Langsung ke konten utama

Sketsa Festival Pyrenees



Directly we got on the bus, settling down the luggage and went ahead to the first destination, Quillan, a small village at the south of France. Atmosfer yang dapat dirasakan  jika dapat kugambarkan detil cuaca, situasi, dan kondisi saat itu, bahkan sesungguhnya tertutup dengan cherish feelings yang meluap dari setiap anggota kontingen. Bahkan jika diharuskan untuk menggambarkan sketsa wajah Barcelona- Quillan saat itu, maka kata yang tepat adalah : c'est magnifique!
Bukan tentang pemandangan, namun lebih kepada perasaan. Tidak ada yang lebih mewakili sebuah suasana ketimbang perasaan dan hari itu adalah contoh kecilnya.

Detil yang tertangkap oleh sepasang kamera naturalku saat itu adalah ladang sayur nan sehat, ladang anggur, serta ladang bunga matahari nan mempesona. Ya, ibaratkan semacam Puncak, Bogor, namun ada polesan tangan Illahi yang membuatnya lebih mentereng dan eye- catching. Hijau, kuning, putih, oranye bersatu padu ibarat anyaman permadani yang terhampar begitu luas. Kelok sungai nan elok dengan rentetan batuan yang berserakan turut mewarnai sketsa Barcelona- Quillan. Tampak tenda- tenda untuk berkemah berdiri dengan cantik nan tegas di sepanjang sungai tersebut, sepertinya sedang diadakan perkemahan saat itu. Definitely, summer is a long holiday! 

Sisi lain yang dapat ditangkap dari sketsa Barcelona- Quillan adalah dampak pemanasan global. Barcelona yang mataharinya dengan gagah memancarkan sinarnya, berbalik 180 derajat ketika memasuki Perancis. Summer disini lebih dominan ke arah pancaroba dari musim hujan ke musim panas di Indonesia. Rintik hujan, angin kencang kerap kali  turut serta mewarnai cuaca, terutama di hari- hari berikutnya ketika berada di Quillan. Bahkan kata Michelle, pria Prancis yang senantiasa baik hati menyiapkan petit dejeuner, dejeuner, et diner selama kami di dorm, summer tahun itu adalah summer terjelek yang pernah ada sepanjang 12 tahun terakhir. Oh Mon Dieu!

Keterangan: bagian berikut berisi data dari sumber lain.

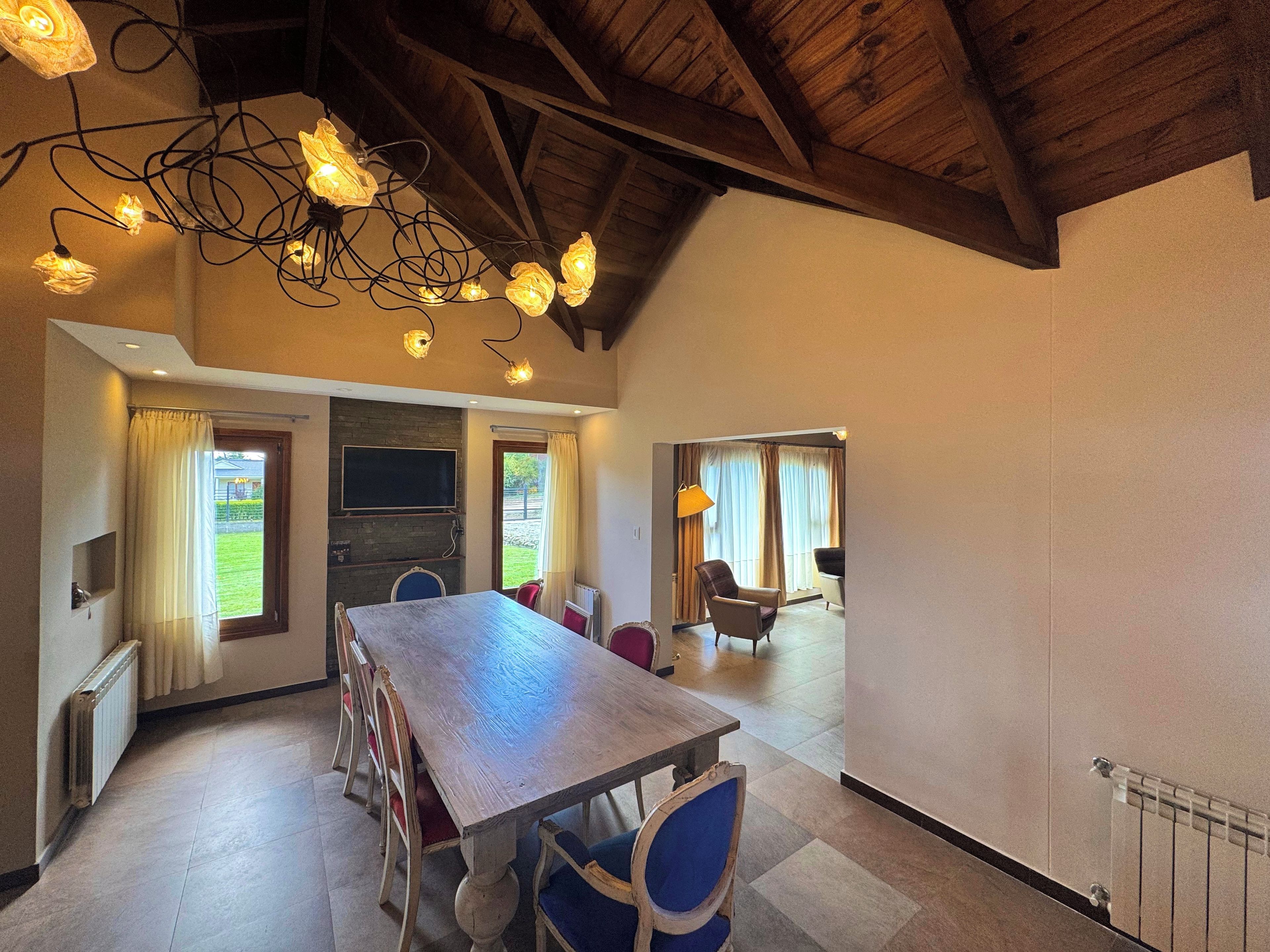 Una habitación amplia con una mesa y sillas de madera, chimenea y vistas al exterior.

Quillan merupakan kota kecil  yang nyaman, indah, dan bersih, dimana tiap tahunnya selalu menjadi tujuan berlibur orang- orang di berbagai penjuru Perancis, bahkan luar negara Prancis. Terletak di pegunungan Pyrenees, seperti kota- kota lain yang telah kami kunjungi di Prancis. Berada di sebuah kota wisata di Prancis, untuk membawakan tarian dan musik tradisional Indonesia, menurutku sama seperti kita melihat pertunjukan di tempat wisata di berbagai kota tujuan liburan di Indonesia, seperti Bali, Toraja, Makassar, Medan, Aceh, Maluku, Lombok, Yogyakarta, Solo dan lainnya. Ibaratnya, kita turut memberikan nilai lebih bagi desa atau kota tujuan liburan tersebut.

Banyak hal yang didapat dari kepingan perjalanan di kota kecil ini. Yang paling disukai disini adalah kafe, bar, atau restoran yang nyaman dan kami bisa betah berlama- lama di tempat ini untuk sekadar mencari sinyal wi- fi dan juga menikmati kopi sambil berbincang sebelum malamnya kami harus tampil. Kuliner disini jika harus diperingkat, maka it's the runner- up! Especially about the cheese, chicken, and also the baguette. Roti baguette terkeras sampai terempuk bisa ditemukan disini. Seempuk- empuknya roti baguette, masih empuk tulang ayam. Trust me, it is true!


Ditinjau dari panggung ke panggung, performance demi performance di sini, walaupun disana sekitar seminggu saja, kami sehari dapat ke dua tempat untuk perform. Sekilas desa- desa tempat kami tampil ini tak lebih dari sebuah RT di sebuah desa di Indonesia. Membayangkan tampil dengan sebuah tenda sederhana, dengan ganti baju dibelakang tenda, di ruangan terbuka serta penonton berusia lanjut, dengan jumlah sekitar 30 orang, merupakan hal yang tidak pernah dibayangkan sebelumnya. Ya, exactly seperti syukuran! Berbalik 180 derajat, di tempat lain, tepatnya di Quillan sendiri, penonton sangatlah antusias, gemuruh tepuk tangan bisa menyeruak sedemikian rupa ketika tari Saman dan tari Gaba- gaba selesai ditarikan. Bahkan kemeriahan festival ini dapat terbaca dengan kasat mata ketika hari pertama kami harus tampil.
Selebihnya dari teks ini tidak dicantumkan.